The American approach to peacemaking between Israelis and Palestinians has tended to prioritize different concerns for either side. For the Israelis, the focus is usually on security, for the Palestinians, sovereignty. But a recent episode in the West Bank highlights the need for greater attention to Palestinian security needs in the context of continuing Israeli occupation.
On January 7, a group of Israeli settlers from the outpost of Esh Kodesh approached the nearby village of Qusra, allegedly for the purpose of carrying out a "price tag" attack. "Price tag" is the term for acts of settler vandalism and violence against Palestinian persons and property carried out specifically in response to Israeli government acts against settlement expansion, with the goal being to raise the political price of moving against settlements. (In this case, the offending action was the Israeli army's destruction of an agricultural plot near the Esh Kodesh outpost.)
According to an eyewitness report, the settlers began attacking Palestinian villagers and attempting to uproot olive trees in the fields lying between their village and the settlement. A smaller group of settlers proceeded into the village, where they fought with villagers, and were chased and cornered in the upper floor of an unfinished house. Local elders prevented further violence until the Israeli army arrived to take the settlers away.
As was noted afterward by Israeli journalist Yossi Gurvitz, the Israeli army admitted seeing the settlers approaching Qusra, but did nothing to stop them.
On January 15, settlers took revenge for the thwarted attack in Qusra, setting fire to the entrance of a mosque in the village of Deir Istiya and writing "Arabs out" and "Revenge for blood spilled in Qusra" in Hebrew on its walls.
Far from rare, such attacks have become a regular feature of life for Palestinians in the West Bank.
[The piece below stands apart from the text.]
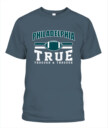 Weprintee Philadelphia 2D Classic Unisex T-Shirt NEW147424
A new United Nations report notes that the rate of settler attacks has quadrupled in the last several years.
But the phenomenon of unchecked settler violence is only one particularly egregious aspect of the occupation, which inflicts regular acts of violence on its Palestinian subjects as a matter of course, from the checkpoints and closures that keep Palestinian communities separated from each other, making normal economic or social life all but impossible, to more serious abuses such as those against children in Israeli detention.
Stories are regularly filed out of the West Bank warning of a simmering intifada, but most spend little if any time detailing the daily hardships that might fuel such an uprising. And even though there's virtual unanimity among Israeli commentators and experts that the Palestinian Authority has met and exceeded its security commitments-"This is the best security cooperation we've had in years," retired Brigadier General Shlomo Brom said in October – the perception, particularly in the American media, is that it's always Israelis who require security from Palestinians, not the other way around.
"There is an assumption in Washington that security is solely for Israel and economic development is for Palestinians. This kind of thinking is wrong," says Husam Zomlot, a senior Fatah official. "[Palestinians] are the ones who are occupied, who need security the most. Not only in terms of sovereignty, but also because of the history of their rights being infringed and violated constantly. There is a grave need for a sense of collective security."
"The problem isn't that the U.S. focus on Israeli security needs comes at the expense of Palestinian security," says Khaled Elgindy, an analyst at the Brookings Institution. "For the U.S., Israeli security has always been paramount, and in any case, I don't view Israeli and Palestinian security as mutually exclusive but rather as complementary. The problem is that the U.S., as a rule, places far more emphasis on Israeli needs and demands than it does on Palestinian needs or even rights."
The Israeli desire for security has often been balanced against the Palestinian desire for sovereignty, with demands on the former requiring concessions on the latter. "Since security is Israel's overriding concern, the [Obama] administration believes that if they can satisfy Israel's main security concerns this will make them more forthcoming on issues like territory and Jerusalem," Elgindy says. "Thus, in the administration's view, if Palestinians hope to have a contiguous state with a capital in Jerusalem, they will have to make some major concessions in the area of security, namely by accepting limitations on their sovereignty" such as a long-term Israeli presence in the Jordan Valley.
The problem with this, Elgindy says, is that Palestinian security performance has not been met by any meaningful Israeli reciprocation. The West Bank is still dotted with dozens of checkpoints, Israeli troops still stage incursions into areas ostensibly under Palestinian Authority control, and Israel's settlements continue to grow and suffocate Palestinian communities. Lieutenant General Keith Dayton, who spent several years training Palestinian security forces in the West Bank, warned that a lack of meaningful progress would eventually cause security cooperation between Palestinians and Israelis to collapse. "There is perhaps a two-year shelf life on being told that you're creating a state, when you're not," he said-in 2009.
The Israeli security vs. Palestinian sovereignty framing also "reinforces the notion that Palestinian rights, including the right to self-determination, are somehow conditional," Elgindy says. "As long as U.S. policymakers view Palestinian statehood as a conditional outcome rather than an inherent right, there is virtually no limit to the kinds of concessions they might seek to pressure the Palestinians into accepting."
As I wrote several weeks ago, it's a smart move by Secretary Kerry to address Israeli concerns up front, thereby removing another excuse on which Israeli Prime Minister Benjamin Netanyahu has long relied to avoid making touch choices. Israeli security is, of course, important in its own right. But Palestinian security is no less so. And right now, Palestinians lack security amid an Israeli occupation in its forty-seventh year. It's important that this be addressed as a part of the process Secretary Kerry is managing, even in advance of a final status deal.
"If you really want to have Palestinians support any peace deal, they would have to feel that the deal gives them the kind of security that they have been deprived of for all these years," says Zomlot. "The Israelis have the best security they've ever had, the best security in the region, given everything else that is going on. Washington must stop thinking that security is a commodity that is only consumed in Israel. Everyone needs security, but Palestinians need it the most. It's a scarce resource in Palestine."